Happy Wednesday Everyone,
An interesting question came up in an industry group around Cloud Computing that I would like to pose to this team:
Services over the internet is not a new concept - companies like Electronic Arts, Music Match and others have been serving up content and collecting sensitive data using 3rd party hosting solutions for years. The biggest difference with the Cloud Model is the dynamic nature of the resources (ie, expanding and contracting to meet the capacity demand) and technologies employed such as virtualization (servers, desktops, applications).
- What implications or enhancements have you had to make to your Audit and Control to adjust/adhere to using these dynamic features (whether off premise or on premise)?
- What do you think needs to happen in the industry to enable embracing some of these newer functions like Vmotion or IAAS?
- What solutions have you tried or adaptations did you need to make to pass either SAS70 Audit (off premise cloud) or internal Audit?

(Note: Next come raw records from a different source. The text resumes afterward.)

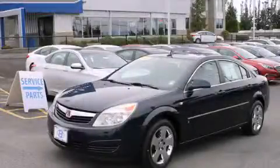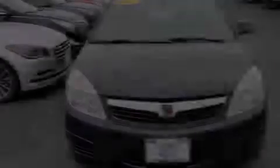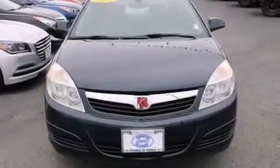This is a 2007 Saturn Aura. It has a 3.5-liter, six-cylinder engine and a four-speed automatic transmission.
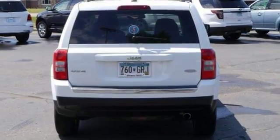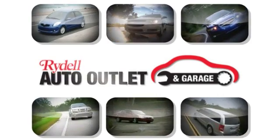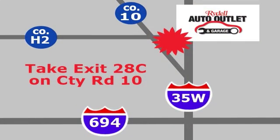Come on out and see it for yourself today. You have nothing to lose. Your satisfaction is our goal. We are conveniently located at 2375 County Road 10 in Moundsview, Minnesota.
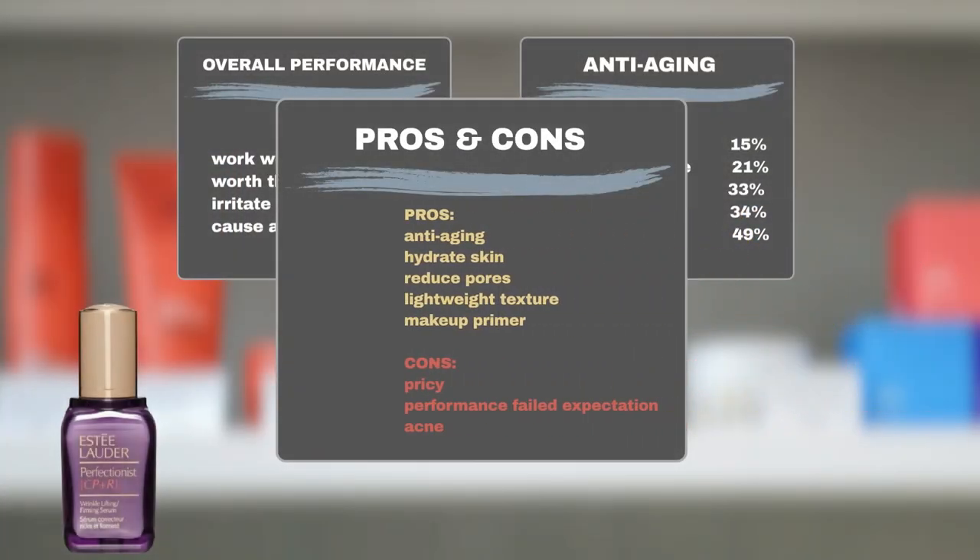Overall, in addition to its impressive age-fighting power, users also find it effective in hydrating skin and reducing pores. Its lightweight texture is liked by many users, and some like to use it as a makeup primer. On the downside, the biggest complaint is its price — some users do not think the product's performance justifies the cost, and some may also experience acne breakouts after application.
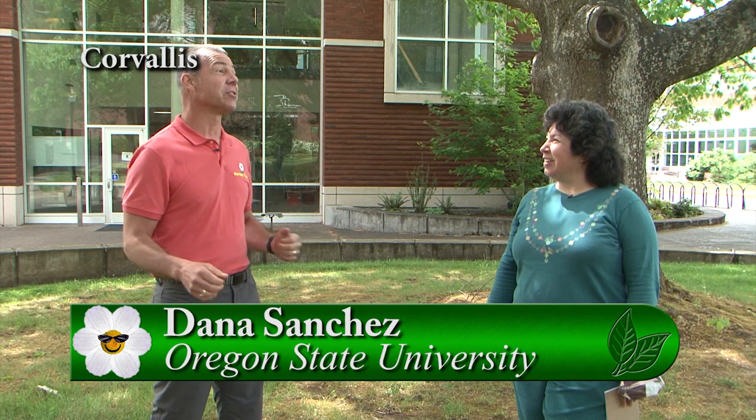We're down here at Oregon State University. I'm with Dana. Today we are talking moles, voles, and gophers.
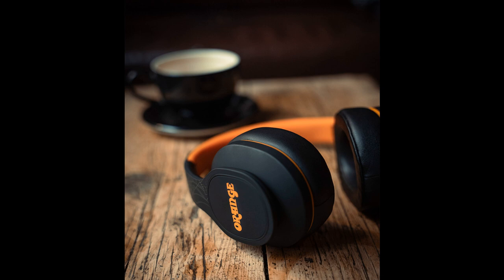Orange launches the Crest Edition MK2 Headphones. Welcome to Music Gears, where we bring you the latest info on new music instruments, software, and other gear from around the world.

Some examples that come to mind - We have several customers that use Amazon AWS (EC2 and S3) in a hybrid model to adhere to regulatory compliance (HIPAA, FDCC, Children's Online Privacy Acts). For the hybrid model - they use the AWS infrastructure to serve up requests from end users so they do not have to login or do not have too many people hitting the primary data base at a given time. The requests are tunnelled through a reverse proxy that talks through the DMZ into the Datacenter to a Database that has all the "protected" data. This method allowed them to pass audit because a) They had a way to know who accessed what information (audit trail) based on the reverse proxy connection b)The data was encrypted in transport and static in the datacenter on a dedicated database - it could be discovered, checked for tampering and ensure that the patches etc for that specific box were taken care of.
Another example was a discussion I had with a CLevel executive. They use on premise clouds - except for regulated applications. In their case they keep all the highly regulated applications on a dedicated 6 ESX hosts. VMotion, etc is only used with change orders for patching and backup (not on demand) to so there are no out of band changes. They carefully monitor patch levels and layers of these specific hosts - so in the event they have to employ Vmotion they can show/prove appropriate patch levels of the host OS and security measures. Other non-regulated applications are not monitored as closely and can take full advantage of the cloud environment.
It would be great to hear more from the group on what you have done, how you leverage your systems management tools in an on premise or off premise implementation, and your answers to the above questions.